De laatste periode van zijn leven woonde mijn opa Gerrit in een bejaardenhuis aan de Nieuwe Keizersgracht 110 (Het Nederlands-Israëlitisch Oudeliedengesticht). Wanneer hij daar precies is gaan wonen, weet ik niet. (Volgens zijn archiefkaart is hij op 30 augustus 1941 bij zijn dochter Liesbeth gaan wonen. Op 26 februari 1942 verhuist hij naar de Nieuwe Keizersgracht, aanvulling Frits Slicht.)
Het bejaardenhuis zat naast het Nederlands-Israëlitisch Ziekenhuis. Het verzorgingstehuis was voor zowel mannen als vrouwen, die overigens wel apart woonden.

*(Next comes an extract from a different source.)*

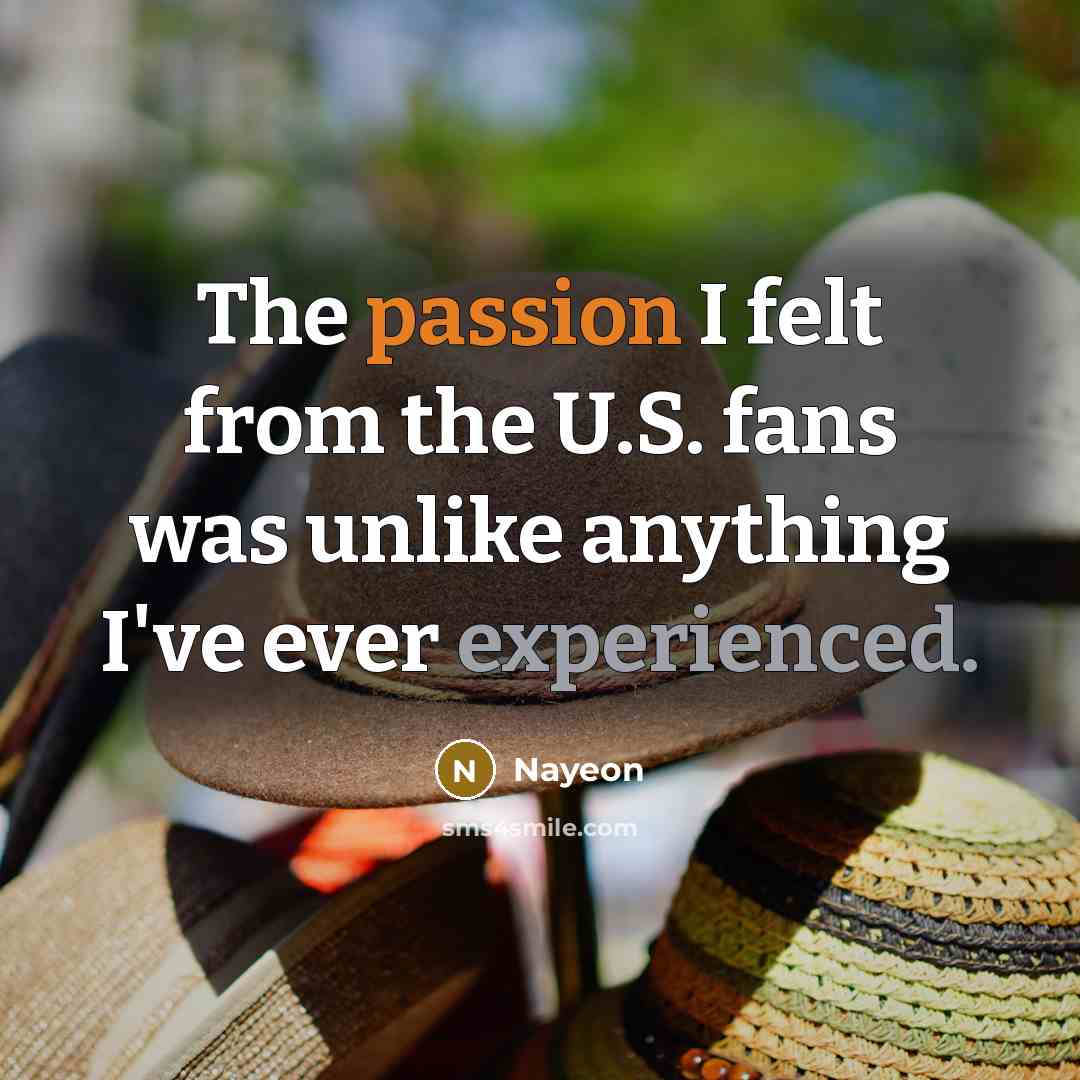 “The passion I felt from the U.S. fans was unlike…” quote by Nayeon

Toen hij naar het bejaardenhuis ging, zijn de kinderen die nog thuis woonden uit huis gegaan. Zij gingen trouwen en/of elders wonen. Een van de tantes ging trouwen en in Hilversum wonen. Een andere tante trouwde en verhuisde naar de Swammerdamstraat 7 twee hoog.
Vanuit dit bejaardenhuis is hij op 3 maart 1943, op 71-jarige leeftijd, ‘weggehaald’. De dag voordat hij werd weggehaald, kwam hij geheel ontdaan bij ons langs. Het was nog erg vroeg, het was ’s morgens om zes uur. Hij vertelde: ‘ze zeggen dat ze het huis zullen leeghalen’. Hij is ’s avonds toch weer teruggegaan, er was niets aan de hand (zo leek het). De andere morgen, om zes uur, hebben ze het huis leeggehaald.

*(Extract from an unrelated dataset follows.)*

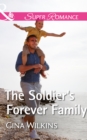 Image for The soldier&#39;s forever family : 1
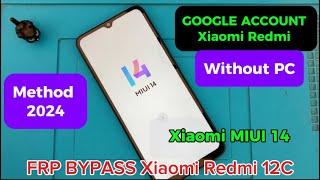 MIUI 14 Google Account / Hard Reset Frp bypass Xiaomi Redmi 12C New Method 2024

De volgende dag kwam er een man bij ons aan de deur. Hij had een tabakskaart bij zich die hij van mijn opa had gekregen. Er zaten nog bonnen voor tabak op. Hij kwam die brengen voor mijn vader. Deze, voor ons onbekende man, vertelde dat hij naar huis mocht en dat mijn opa hem vanuit de trein had gevraagd: ‘Wilt u dit naar mijn schoonzoon brengen’. Kort daarop, op 13 maart 1943, is mijn opa vermoord in Sobibor.